*WHAT YOU NEED TO DO*
Beneath this line are entries. Copy the range from the line with "Default Judgment if" to the line with "India’s First Digital", ends included, exactly; leave pictures out.

*Image-caption web data*

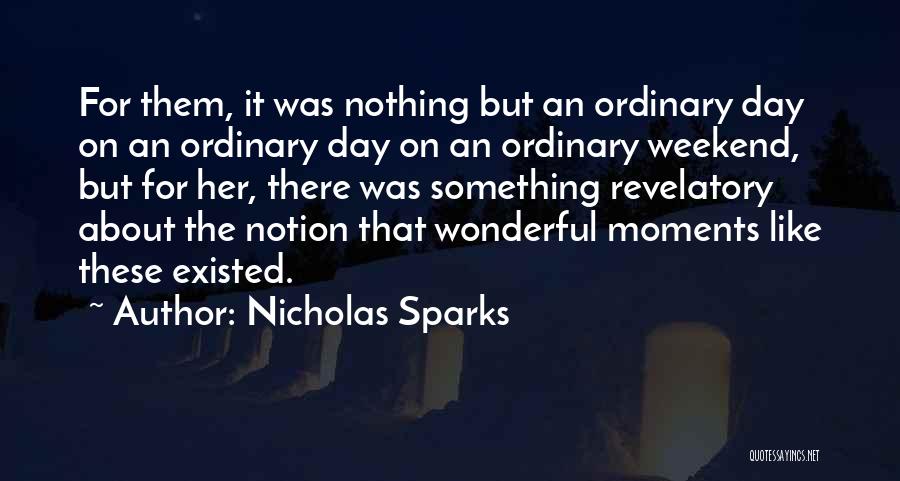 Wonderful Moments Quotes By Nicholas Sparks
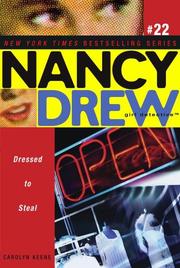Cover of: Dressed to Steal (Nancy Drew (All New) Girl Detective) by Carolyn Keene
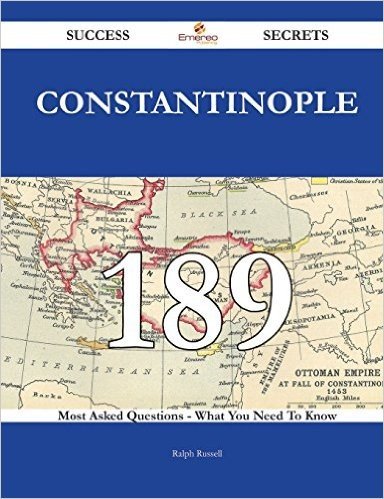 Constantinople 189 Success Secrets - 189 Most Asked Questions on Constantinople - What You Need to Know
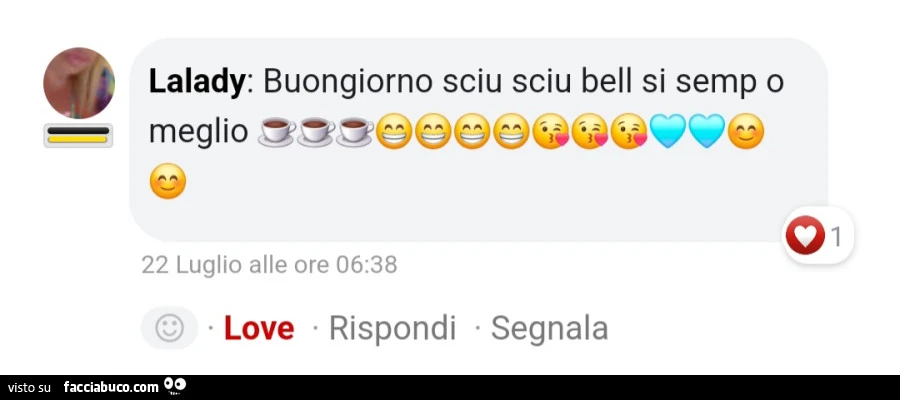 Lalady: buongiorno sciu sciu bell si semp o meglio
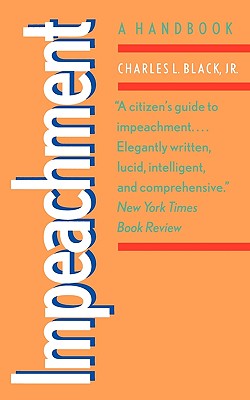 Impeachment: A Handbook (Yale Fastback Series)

---

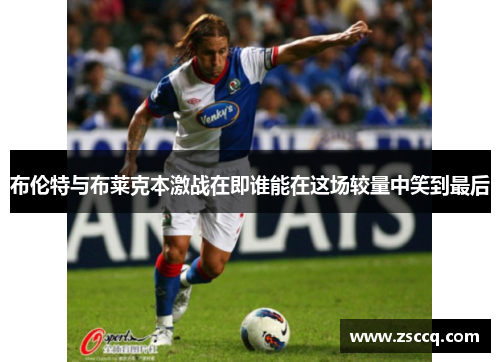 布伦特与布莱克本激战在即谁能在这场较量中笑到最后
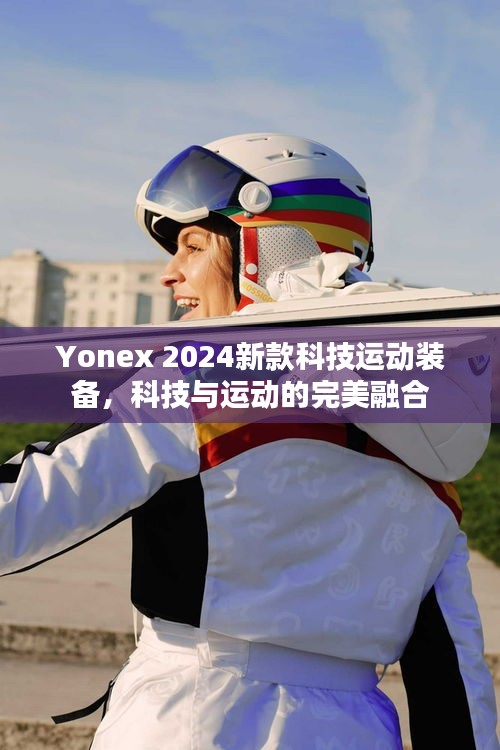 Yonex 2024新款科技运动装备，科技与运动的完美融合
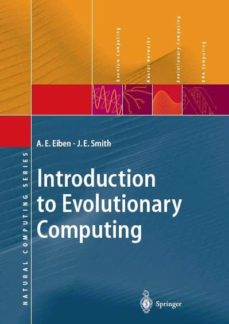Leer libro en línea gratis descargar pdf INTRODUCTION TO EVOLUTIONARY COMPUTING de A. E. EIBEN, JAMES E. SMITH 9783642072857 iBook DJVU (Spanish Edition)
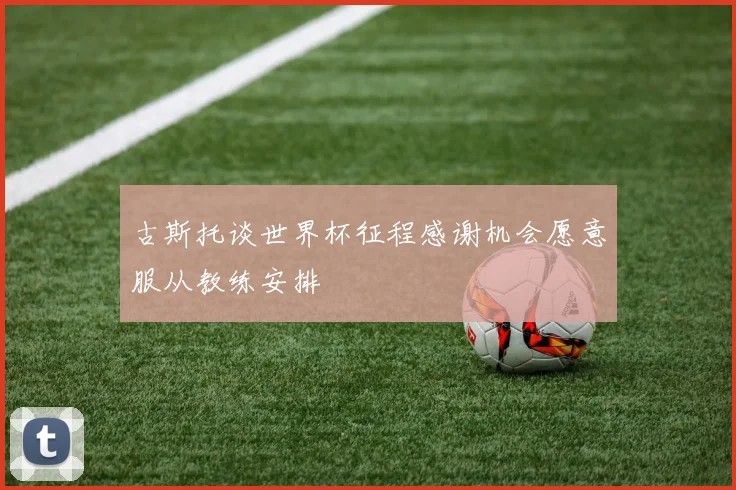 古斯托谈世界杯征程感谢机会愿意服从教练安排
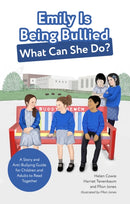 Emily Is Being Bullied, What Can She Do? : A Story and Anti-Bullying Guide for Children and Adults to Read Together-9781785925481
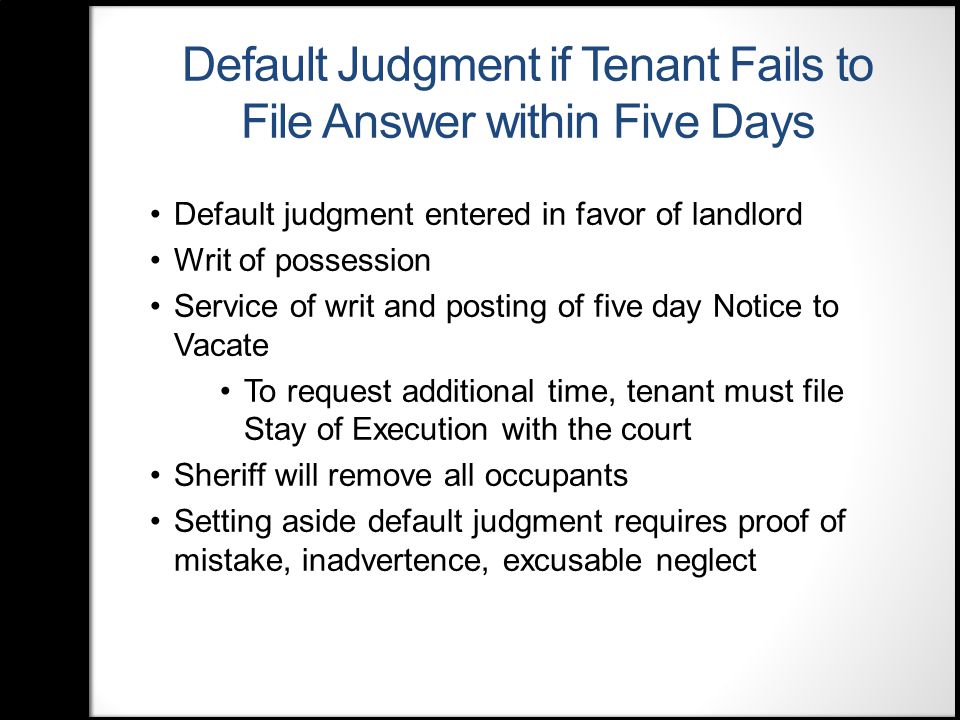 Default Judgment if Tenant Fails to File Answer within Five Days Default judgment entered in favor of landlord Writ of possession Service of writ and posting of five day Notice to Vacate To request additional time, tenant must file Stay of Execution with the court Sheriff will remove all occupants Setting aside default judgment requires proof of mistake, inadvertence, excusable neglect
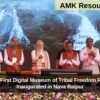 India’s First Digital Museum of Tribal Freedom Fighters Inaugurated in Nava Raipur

*EXERCISE SOLUTION*
 Default Judgment if Tenant Fails to File Answer within Five Days Default judgment entered in favor of landlord Writ of possession Service of writ and posting of five day Notice to Vacate To request additional time, tenant must file Stay of Execution with the court Sheriff will remove all occupants Setting aside default judgment requires proof of mistake, inadvertence, excusable neglect
 India’s First Digital Museum of Tribal Freedom Fighters Inaugurated in Nava Raipur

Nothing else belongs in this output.